**EXERCISE:** All entries must be given again exactly as written.

——

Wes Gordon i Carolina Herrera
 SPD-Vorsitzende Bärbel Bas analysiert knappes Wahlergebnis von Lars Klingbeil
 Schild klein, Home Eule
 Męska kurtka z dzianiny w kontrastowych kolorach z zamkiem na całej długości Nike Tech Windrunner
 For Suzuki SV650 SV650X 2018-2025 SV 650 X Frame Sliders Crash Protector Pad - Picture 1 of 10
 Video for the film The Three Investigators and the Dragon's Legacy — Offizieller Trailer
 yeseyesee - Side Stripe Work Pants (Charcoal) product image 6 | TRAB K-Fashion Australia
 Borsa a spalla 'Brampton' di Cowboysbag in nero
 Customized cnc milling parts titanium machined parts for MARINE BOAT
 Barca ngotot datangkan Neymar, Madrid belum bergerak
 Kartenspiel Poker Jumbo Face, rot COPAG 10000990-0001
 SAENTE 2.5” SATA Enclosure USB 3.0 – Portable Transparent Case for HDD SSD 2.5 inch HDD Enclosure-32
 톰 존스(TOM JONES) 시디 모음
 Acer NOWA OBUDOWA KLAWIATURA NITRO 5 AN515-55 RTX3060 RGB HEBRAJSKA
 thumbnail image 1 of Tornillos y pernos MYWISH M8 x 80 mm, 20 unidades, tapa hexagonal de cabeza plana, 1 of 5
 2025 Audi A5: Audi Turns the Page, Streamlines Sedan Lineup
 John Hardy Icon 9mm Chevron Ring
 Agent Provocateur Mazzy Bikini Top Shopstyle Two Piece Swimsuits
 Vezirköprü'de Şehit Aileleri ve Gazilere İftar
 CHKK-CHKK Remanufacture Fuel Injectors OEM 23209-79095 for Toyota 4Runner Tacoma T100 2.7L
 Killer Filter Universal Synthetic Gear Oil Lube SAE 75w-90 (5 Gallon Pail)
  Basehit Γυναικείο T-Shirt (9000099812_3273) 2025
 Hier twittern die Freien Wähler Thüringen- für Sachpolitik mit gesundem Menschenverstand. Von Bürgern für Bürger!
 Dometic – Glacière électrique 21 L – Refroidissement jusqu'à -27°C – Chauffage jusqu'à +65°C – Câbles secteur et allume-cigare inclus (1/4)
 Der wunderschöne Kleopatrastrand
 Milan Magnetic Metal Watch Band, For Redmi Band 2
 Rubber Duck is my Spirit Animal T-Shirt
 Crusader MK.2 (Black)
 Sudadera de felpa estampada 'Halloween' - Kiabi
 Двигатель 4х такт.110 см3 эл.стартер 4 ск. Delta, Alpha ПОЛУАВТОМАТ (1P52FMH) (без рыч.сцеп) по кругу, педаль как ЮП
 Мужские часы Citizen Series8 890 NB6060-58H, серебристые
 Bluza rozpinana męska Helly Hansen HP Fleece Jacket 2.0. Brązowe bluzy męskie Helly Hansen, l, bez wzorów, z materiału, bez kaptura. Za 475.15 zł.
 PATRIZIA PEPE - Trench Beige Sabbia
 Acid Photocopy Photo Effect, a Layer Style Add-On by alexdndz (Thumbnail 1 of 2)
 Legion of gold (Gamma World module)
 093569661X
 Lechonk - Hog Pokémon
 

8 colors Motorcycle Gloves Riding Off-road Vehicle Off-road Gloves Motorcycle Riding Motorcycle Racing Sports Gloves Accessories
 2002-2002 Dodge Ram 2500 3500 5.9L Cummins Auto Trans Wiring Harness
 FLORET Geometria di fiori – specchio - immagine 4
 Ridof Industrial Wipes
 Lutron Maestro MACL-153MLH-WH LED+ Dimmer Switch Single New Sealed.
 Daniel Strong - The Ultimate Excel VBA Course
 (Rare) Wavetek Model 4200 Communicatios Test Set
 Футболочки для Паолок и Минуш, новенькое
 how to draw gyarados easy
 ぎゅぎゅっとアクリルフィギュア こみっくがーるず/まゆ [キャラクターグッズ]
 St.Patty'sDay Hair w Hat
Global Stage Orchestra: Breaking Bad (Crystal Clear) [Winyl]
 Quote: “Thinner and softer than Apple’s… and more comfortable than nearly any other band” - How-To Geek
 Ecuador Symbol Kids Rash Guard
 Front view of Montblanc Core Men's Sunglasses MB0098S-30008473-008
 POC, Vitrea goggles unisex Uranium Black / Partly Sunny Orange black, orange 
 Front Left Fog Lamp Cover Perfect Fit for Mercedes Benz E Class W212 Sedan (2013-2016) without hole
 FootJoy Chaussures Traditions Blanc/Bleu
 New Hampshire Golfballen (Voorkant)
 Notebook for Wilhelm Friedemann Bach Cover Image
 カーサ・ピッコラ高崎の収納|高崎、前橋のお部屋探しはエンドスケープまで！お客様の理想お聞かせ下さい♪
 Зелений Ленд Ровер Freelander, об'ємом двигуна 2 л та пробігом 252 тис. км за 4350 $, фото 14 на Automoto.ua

——

**EXPECTED OUTPUT:**
Wes Gordon i Carolina Herrera
 SPD-Vorsitzende Bärbel Bas analysiert knappes Wahlergebnis von Lars Klingbeil
 Schild klein, Home Eule
 Męska kurtka z dzianiny w kontrastowych kolorach z zamkiem na całej długości Nike Tech Windrunner
 For Suzuki SV650 SV650X 2018-2025 SV 650 X Frame Sliders Crash Protector Pad - Picture 1 of 10
 Video for the film The Three Investigators and the Dragon's Legacy — Offizieller Trailer
 yeseyesee - Side Stripe Work Pants (Charcoal) product image 6 | TRAB K-Fashion Australia
 Borsa a spalla 'Brampton' di Cowboysbag in nero
 Customized cnc milling parts titanium machined parts for MARINE BOAT
 Barca ngotot datangkan Neymar, Madrid belum bergerak
 Kartenspiel Poker Jumbo Face, rot COPAG 10000990-0001
 SAENTE 2.5” SATA Enclosure USB 3.0 – Portable Transparent Case for HDD SSD 2.5 inch HDD Enclosure-32
 톰 존스(TOM JONES) 시디 모음
 Acer NOWA OBUDOWA KLAWIATURA NITRO 5 AN515-55 RTX3060 RGB HEBRAJSKA
 thumbnail image 1 of Tornillos y pernos MYWISH M8 x 80 mm, 20 unidades, tapa hexagonal de cabeza plana, 1 of 5
 2025 Audi A5: Audi Turns the Page, Streamlines Sedan Lineup
 John Hardy Icon 9mm Chevron Ring
 Agent Provocateur Mazzy Bikini Top Shopstyle Two Piece Swimsuits
 Vezirköprü'de Şehit Aileleri ve Gazilere İftar
 CHKK-CHKK Remanufacture Fuel Injectors OEM 23209-79095 for Toyota 4Runner Tacoma T100 2.7L
 Killer Filter Universal Synthetic Gear Oil Lube SAE 75w-90 (5 Gallon Pail)
  Basehit Γυναικείο T-Shirt (9000099812_3273) 2025
 Hier twittern die Freien Wähler Thüringen- für Sachpolitik mit gesundem Menschenverstand. Von Bürgern für Bürger!
 Dometic – Glacière électrique 21 L – Refroidissement jusqu'à -27°C – Chauffage jusqu'à +65°C – Câbles secteur et allume-cigare inclus (1/4)
 Der wunderschöne Kleopatrastrand
 Milan Magnetic Metal Watch Band, For Redmi Band 2
 Rubber Duck is my Spirit Animal T-Shirt
 Crusader MK.2 (Black)
 Sudadera de felpa estampada 'Halloween' - Kiabi
 Двигатель 4х такт.110 см3 эл.стартер 4 ск. Delta, Alpha ПОЛУАВТОМАТ (1P52FMH) (без рыч.сцеп) по кругу, педаль как ЮП
 Мужские часы Citizen Series8 890 NB6060-58H, серебристые
 Bluza rozpinana męska Helly Hansen HP Fleece Jacket 2.0. Brązowe bluzy męskie Helly Hansen, l, bez wzorów, z materiału, bez kaptura. Za 475.15 zł.
 PATRIZIA PEPE - Trench Beige Sabbia
 Acid Photocopy Photo Effect, a Layer Style Add-On by alexdndz (Thumbnail 1 of 2)
 Legion of gold (Gamma World module)
 093569661X
 Lechonk - Hog Pokémon
 

8 colors Motorcycle Gloves Riding Off-road Vehicle Off-road Gloves Motorcycle Riding Motorcycle Racing Sports Gloves Accessories
 2002-2002 Dodge Ram 2500 3500 5.9L Cummins Auto Trans Wiring Harness
 FLORET Geometria di fiori – specchio - immagine 4
 Ridof Industrial Wipes
 Lutron Maestro MACL-153MLH-WH LED+ Dimmer Switch Single New Sealed.
 Daniel Strong - The Ultimate Excel VBA Course
 (Rare) Wavetek Model 4200 Communicatios Test Set
 Футболочки для Паолок и Минуш, новенькое
 how to draw gyarados easy
 ぎゅぎゅっとアクリルフィギュア こみっくがーるず/まゆ [キャラクターグッズ]
 St.Patty'sDay Hair w Hat
Global Stage Orchestra: Breaking Bad (Crystal Clear) [Winyl]
 Quote: “Thinner and softer than Apple’s… and more comfortable than nearly any other band” - How-To Geek
 Ecuador Symbol Kids Rash Guard
 Front view of Montblanc Core Men's Sunglasses MB0098S-30008473-008
 POC, Vitrea goggles unisex Uranium Black / Partly Sunny Orange black, orange 
 Front Left Fog Lamp Cover Perfect Fit for Mercedes Benz E Class W212 Sedan (2013-2016) without hole
 FootJoy Chaussures Traditions Blanc/Bleu
 New Hampshire Golfballen (Voorkant)
 Notebook for Wilhelm Friedemann Bach Cover Image
 カーサ・ピッコラ高崎の収納|高崎、前橋のお部屋探しはエンドスケープまで！お客様の理想お聞かせ下さい♪
 Зелений Ленд Ровер Freelander, об'ємом двигуна 2 л та пробігом 252 тис. км за 4350 $, фото 14 на Automoto.ua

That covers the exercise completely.